• **Your assignment**
Return exactly the lines below, starting with the one that has "City Comfort Inn" and going on through the one that has "2016 Pokémon Japanese XY Mega Charizard EX 011/072 20th 2016".

• **Excerpted data**
::::::

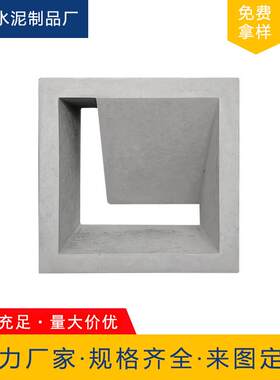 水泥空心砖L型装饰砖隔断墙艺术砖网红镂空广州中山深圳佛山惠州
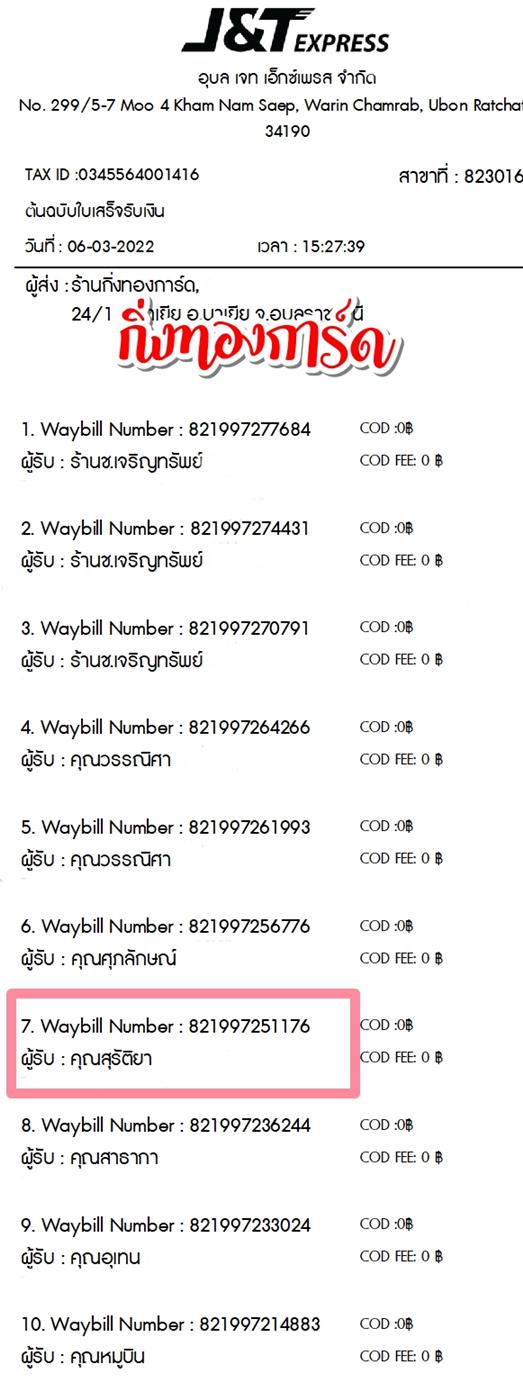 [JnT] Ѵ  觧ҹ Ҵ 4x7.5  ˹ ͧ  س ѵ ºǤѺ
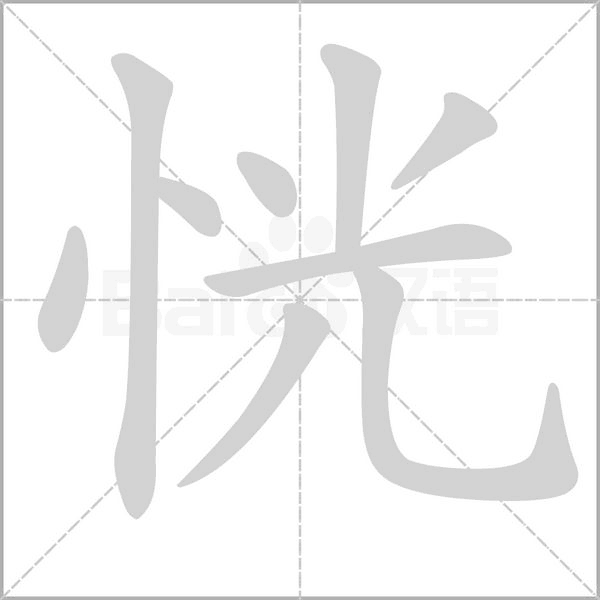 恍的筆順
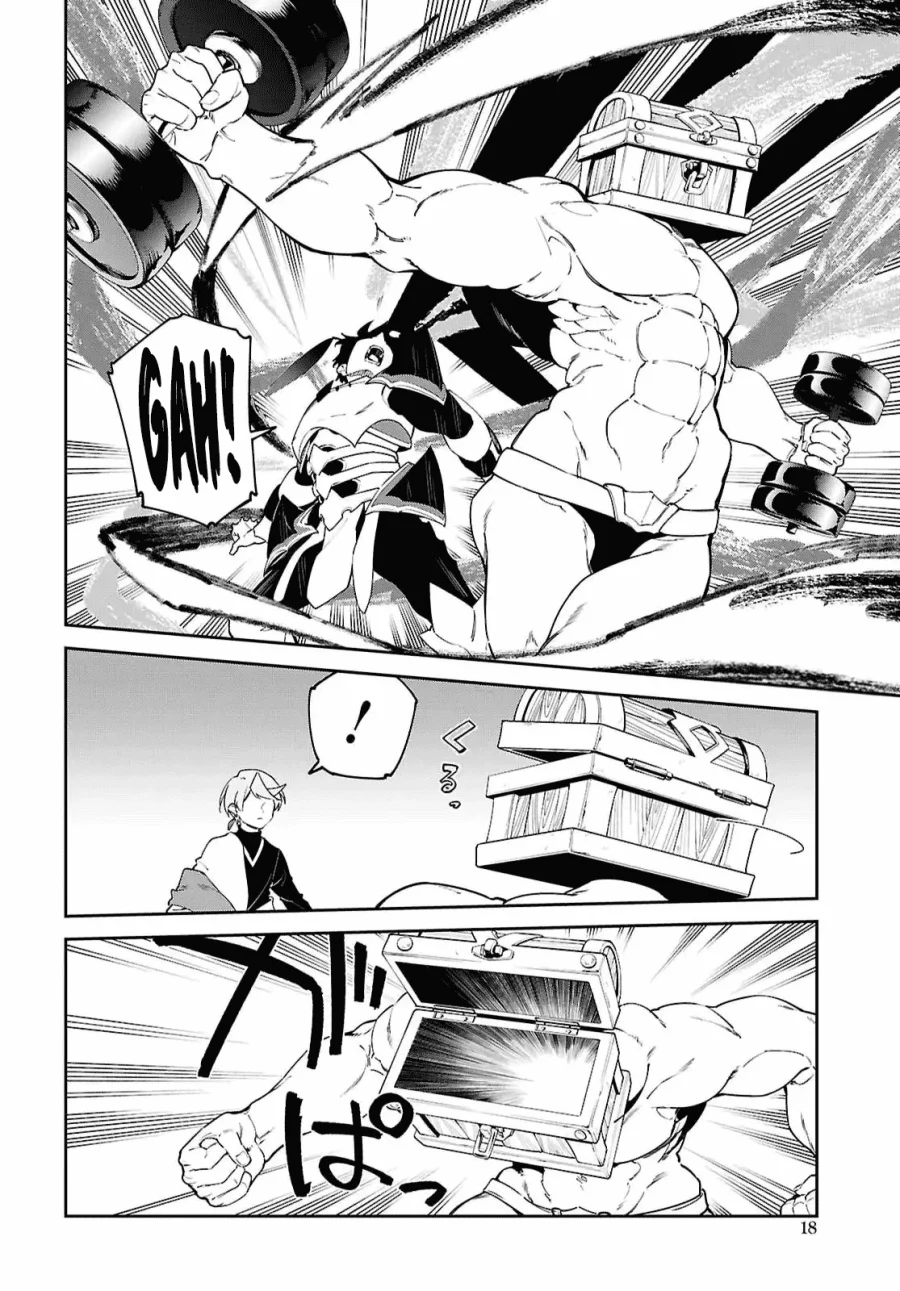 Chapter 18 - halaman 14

::::::

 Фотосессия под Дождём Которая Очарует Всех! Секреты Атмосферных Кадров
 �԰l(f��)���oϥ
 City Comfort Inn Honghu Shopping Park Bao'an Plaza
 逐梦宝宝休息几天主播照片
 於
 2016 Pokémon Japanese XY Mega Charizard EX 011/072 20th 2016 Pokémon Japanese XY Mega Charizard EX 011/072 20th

::::::

• **Solution to the exercise**
 City Comfort Inn Honghu Shopping Park Bao'an Plaza
 逐梦宝宝休息几天主播照片
 於
 2016 Pokémon Japanese XY Mega Charizard EX 011/072 20th 2016 Pokémon Japanese XY Mega Charizard EX 011/072 20th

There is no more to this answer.